*The problem*
Write out the records word for word, with no pictures.

*Entries supplied*

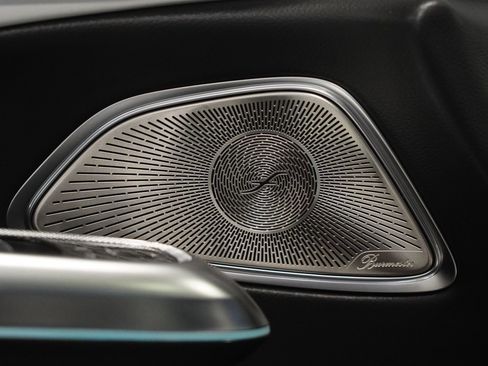 New 2026 Mercedes-Benz E 53 AMG e 4MATIC Sedan image 33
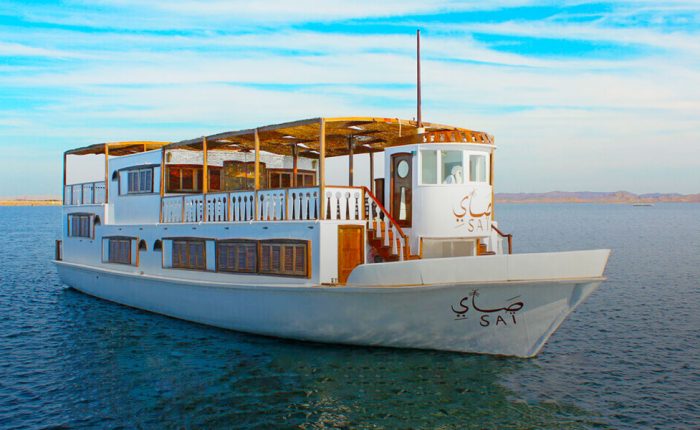 Nuun Nuut Dahabiya Nile Cruise Itineraries Prices Trips In Egypt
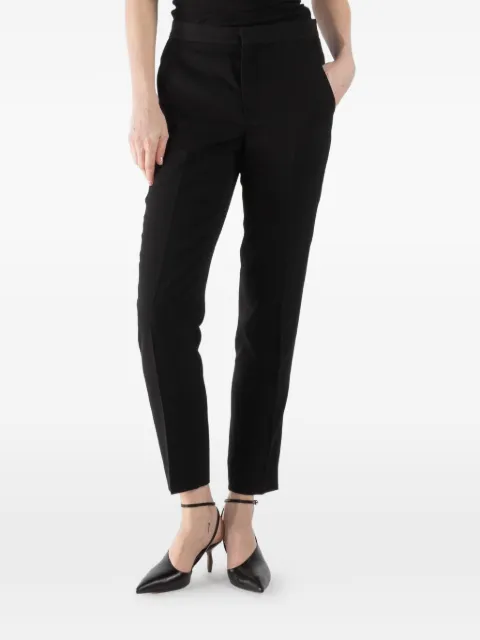 WARDROBE.NYC tailored trousers Black W2073PCBLACK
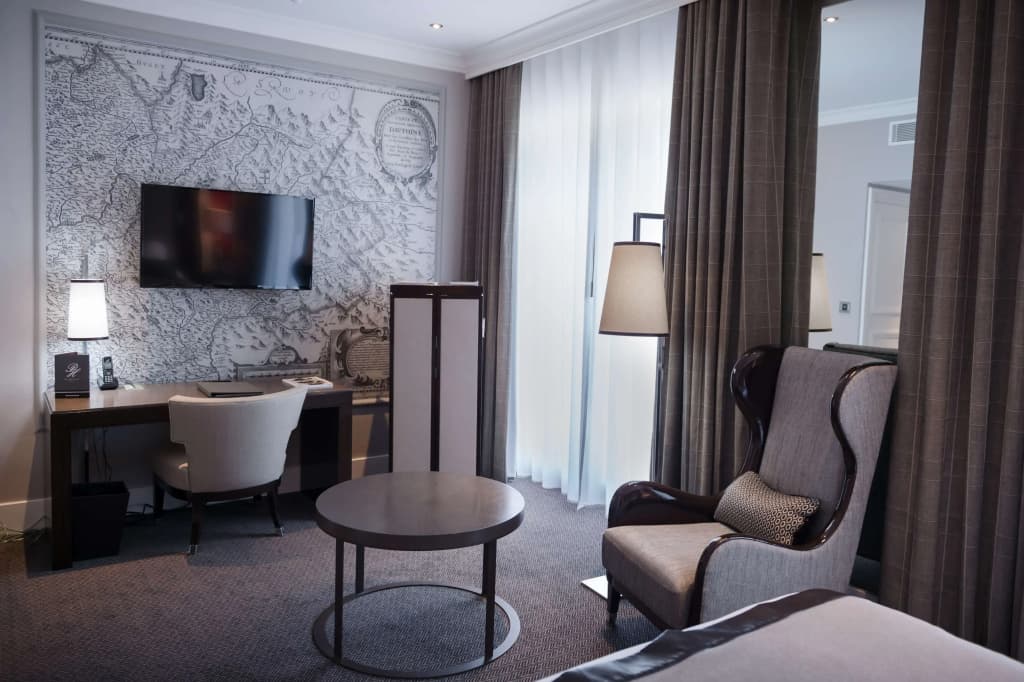 Park Hotel Grenoble - Handwritten Collection - Photo 3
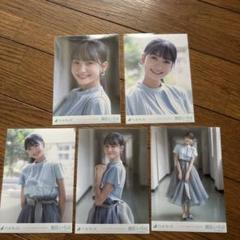 奥田いろは 乃木坂46 バンドエイド剥がすような別れ方 MV 生写真 5種 MV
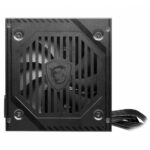 Fonte MSI 500W 80 PLUS White MAG ATX Bivolt PFC Ativo - Imagem 4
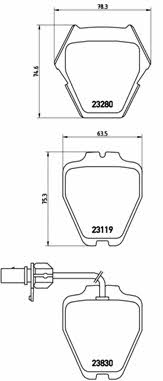 Kup Brembo P85067 – super cena na 2407.PL!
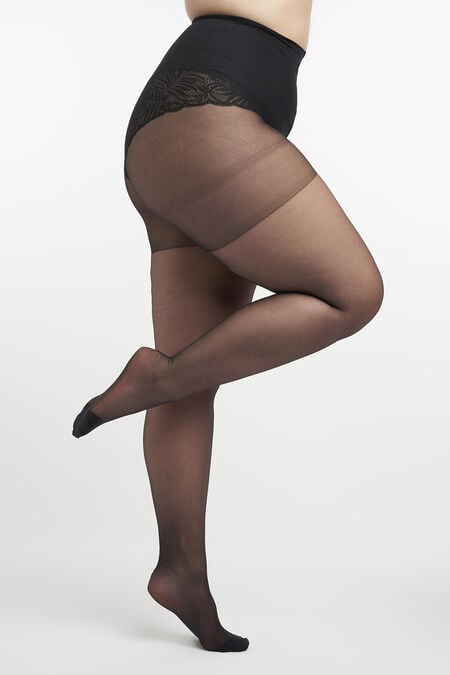 2-pack 3D Super stretch panty 20 denier 2-pack 3D Super stretch panty 20 denier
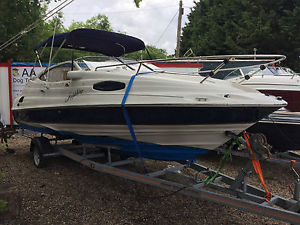 Regal 2150 LSC & Trailer - Engine Issues (Project)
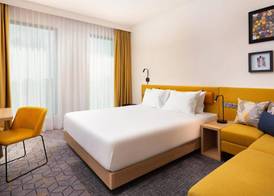 Hampton by Hilton Łódź City Center 2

*Result*
 New 2026 Mercedes-Benz E 53 AMG e 4MATIC Sedan image 33
 Nuun Nuut Dahabiya Nile Cruise Itineraries Prices Trips In Egypt
 WARDROBE.NYC tailored trousers Black W2073PCBLACK
 Park Hotel Grenoble - Handwritten Collection - Photo 3
 奥田いろは 乃木坂46 バンドエイド剥がすような別れ方 MV 生写真 5種 MV
 Fonte MSI 500W 80 PLUS White MAG ATX Bivolt PFC Ativo - Imagem 4
 Kup Brembo P85067 – super cena na 2407.PL!
 2-pack 3D Super stretch panty 20 denier 2-pack 3D Super stretch panty 20 denier
 Regal 2150 LSC & Trailer - Engine Issues (Project)
 Hampton by Hilton Łódź City Center 2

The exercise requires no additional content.